Die Schwere der Unfälle und traumatischen Erlebnisse der Opfer und der Familien, aber auch auf Seiten der LKW-Fahrer*innen lassen nicht zu, ausschließlich auf eine Lösung auf EU-Ebene zu warten. Bis es zu einer gemeinsamen europäischen Regelung kommt, muss auf Bundesebene noch in diesem Jahr erreicht werden, Fahrerkabinen mit verbesserter Sicht sowie Abbiegeassistenzsysteme für LKW als neuen Standard zu implementieren. Die Umgestaltung der Fahrerkabinen sowie LKW-Abbiegeassistenzsysteme sind zwei Bausteine, allerdings nicht ausreichend, um schwere Unfälle im Straßenverkehr mit LKW zu verhindern. So empfiehlt der Allgemeine Deutsche Fahrrad-Club Berlin e. V. ergänzend etwa tiefgezogene Windschutz- und Seitenscheiben. Auch diesbezüglich ist zu prüfen, ob eine Verpflichtung zum Einbau für neu zugelassene LKW geregelt werden sollte.

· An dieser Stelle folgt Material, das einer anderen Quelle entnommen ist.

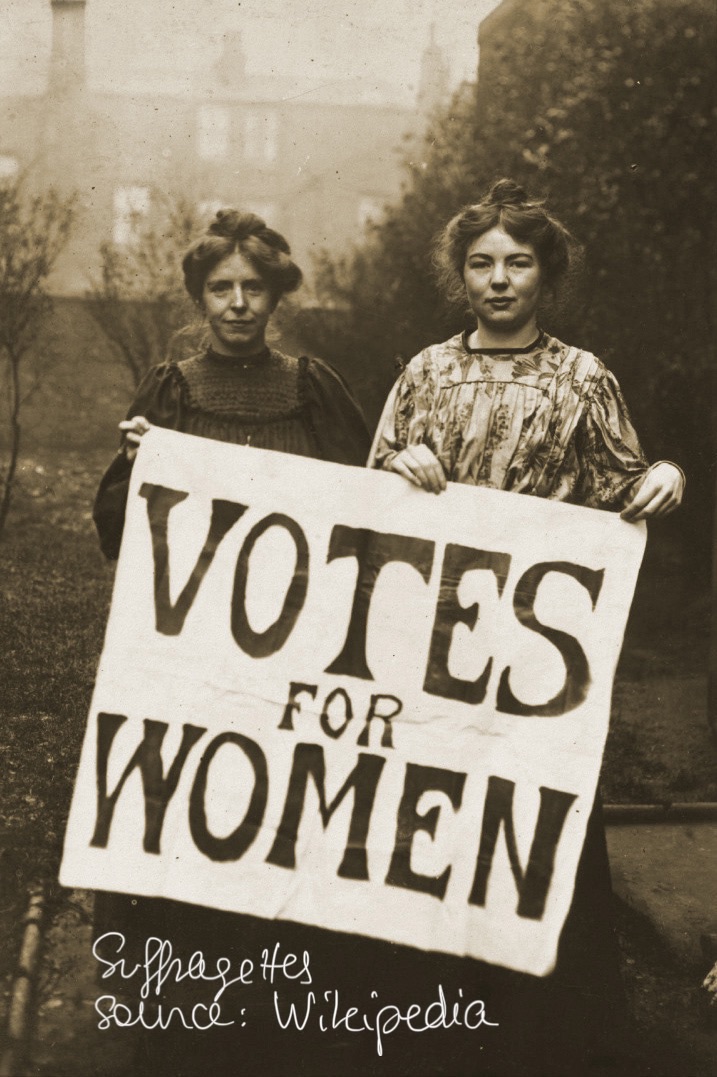Suffragettes portant une pancarte "Votes for women"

Auch das Land kann weitere Maßnahmen für die Sicherheit von Fahrradfahrer*innen und Fußgänger*innen ergreifen. Im Rahmen eines Runden Tisches ist die Situation in Niedersachsen zu bewerten und konkrete Lösungsvorschläge zu erarbeiten und umzusetzen. Als Orientierung dient dabei die Analyse der Bundesanstalt für Straßenwesen, die die BASt im Rahmen eines Symposiums am 11. Oktober 2016 in Berlin vorgestellt hat.